I've also tried where i dropped the lowest value (1) and left an extra value in, if that was hit, we manually determine the 4bit value, which increases the value from 12bit, to about 17-18 bit, however it's still less than 24bit. However likely hood of hitting. Not high. (We're talking a 3byte combination here) But it did lower the main hit numbers quite a bit, but not nearly enough.

I am increasing the values, but verifying them can be very hard, considering the math involved, and manually building all the possible combinations for worse case senario (which is the only one i compare with).

A Note. If the higher chance of hitting a <=1 bitsize rather than a >=1 bitsize, it is a success, and will be built and tested to see if it is worth it. But don't expect huge compression in small files, rather a decent compression over a large area, but even that can fail.

Era

Thursday, November 1, 2007

Compression #3 - Continued

Further with compression i've attempted, and although theoretically will work in certain situations, won't guarentee endless compression as of yet. But i'm working on it.

1) High Low. Ever played the gambling game where you flip a card up, and you guess if the next card is high or low? Well, using this compression type has some limited success.

You need a previous history of your last value, and compare it against your next value. The odds are in your favor it's in the more likely in the larger area. But when it fails you refer to a fallback value, and re-encode the correct value using the smaller value. so.. Using very large INT's.
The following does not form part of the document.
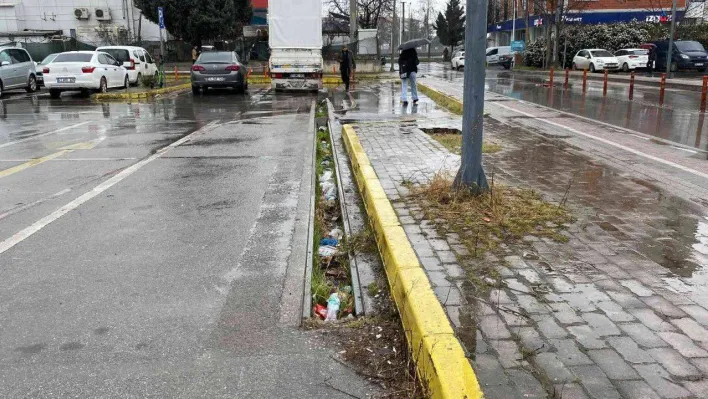 Açık otopark alanında mazgallar çalındı, vatandaşlar isyan etti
Tends to make 8bits to 9.5, 4bits gets to 8.8 bits? but not worth it.

2) Attempted, encoding X of unique values in a row, and specify a failure (non unique), which we then encode from our list. There are of course success on all levels, EXCEPT the highest level. Using this knowlage we can then encode using a lesser form of 1bits (combinations of a certain number of 1's on, example is 2 on's in a 8bit area is 28).

There are problems.

Problem 1) Can only go to 5 on a 8bit, and 6 on 16bit. Higher values, equal less compression.
Problem 2) highest value doesn't guarentee a repeat or failure, so our last value can't get compression for a smaller bitvalue.

Tried a straight 2different 3bit unique bytetype, which works. 8 x 7 = 56 of 64. (or 28, *2*1) However, there's the problem and chance of 1 in 8 that they are identicle. The failure rate or references (3-5bits) for successful non-matches in a row nearly negate any worth of value. IF it's every 8 (on average) then the 3bits cover itself, if larger or in smaller than 8, the bitsizes are lost on big math and it isn't worth it.

I've also tested using a 2level compression for bit sizes, and getting counts on types. However it's not yet successful, but not finnished testing either.

Era

Wednesday, October 24, 2007

Compression #3

A few ideas have come up as of late, a few ideas i thought were pretty good and am currently working on, but haven't been perfected.

First, is using the previously mentioned multiplication to add together several values hidden inside a number, and by using the appropriate divisor and getting it's remainder, you can rebuild the original data. In this way, you could in the 1-8 combinations, store the data in 15.7 bits, instead of 18-24 bits.

The first idea, involves using the above mentioned, and getting appropriate data. I'm still fiddling with it so i will de-classify it as i go. I have a 1-4 matches (2bits) and then can rebuild accordingly, with the next few bits for which matches we are working with. When a match is made, we only need to reference the internal match, therefore saving a lot of space. Example.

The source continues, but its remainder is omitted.